Many Ski resorts in BC are expanding their recreational activities into the summer months. There is a demand for more "all season" activities such as golfing, mountain biking and hiking. This is especially important to resorts that may experience low snow years or shortened ski seasons. As a result of non winter activities the amount of recreational users within the CRA increases during the fire season. This may increase the chances for human caused fires. Most CRAs have millions of dollars in recreational improvements (i.e. ski lifts, bike trails/courses) on Crown Land as well high value properties and infrastructure on adjacent private land. Each year there are more than 2,000 forest fires in BC, and although most occur far from populated areas many still start in "wildland urban interface" areas. These kinds of fires frequently threaten or burn homes, summer cottages and cabins, and other high value resources.

By assessing the interface wildfire hazard ratings in and around the village and the CRA the Resort Wildfire Protection Plan will provide recommendations on how the hazard can be reduced to low and moderate levels and therefore contribute to protecting public safety, recreational improvements/infrastructure and interruption free all season recreational use.

3.2 Budget

The ministry expects the project to be valued at approximately $11,000.

The bidder must submit an all inclusive lump sum price including travel costs. Travel costs associated with the project must not exceed 20% of the total budget.

4. Key Dates and Reporting Requirements

The tentative schedule for preparation of the RWPP is as follows:

* Retain forest professional consultant to prepare RWPP July 2009
* Field work to assess hazards and determine mitigation strategies July-Sept 2009
* Prepare Draft RWPP, MTCA staff review August/September 2009
* Final Review by MTCA September/October 2009
* Submit Final RWPP in both reproducible hard copy and in compatible digital (Microsoft Word) November 2009

1 Comment

Sure the fire risk is high. It happens quite regularly. But what has that got to do with convention centers is a bit of a stetch.
Eveyone knows that a great percentage of fires are man made, yet we see cut backs in park workers. Is anyone still manning the fire towers?
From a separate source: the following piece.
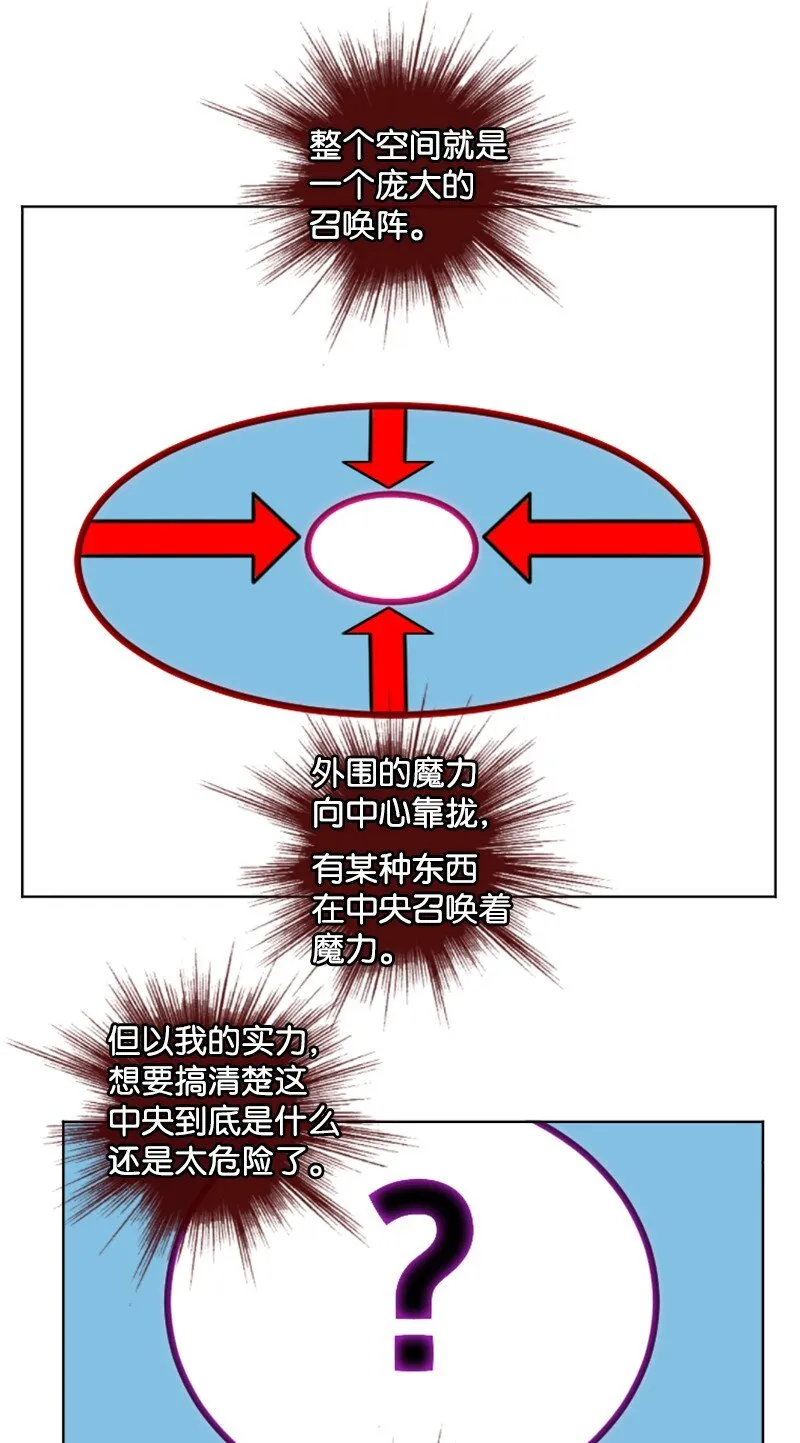 203 魔王降临 第58页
I flew water bombers in this province for a couple of years in the early 70's. In both years the contract ran from April to early summer. We had as many fires after the contract expired and finally stood down in October. The day the contract ends, the cost per hour goes way up. Conair and The Forest companies had water bombers tankers as well. We spent a lot of our time doing fire surpresiion in Alberta as well during our fire season and after. The Mars is under contract to California right now. The outfit I flew for left the country.(The Flying Firemen. )

Maybe this government should focus on such things. Reading the memo makes me think its more of a make work project for PR folks that getting extra people on fire lines.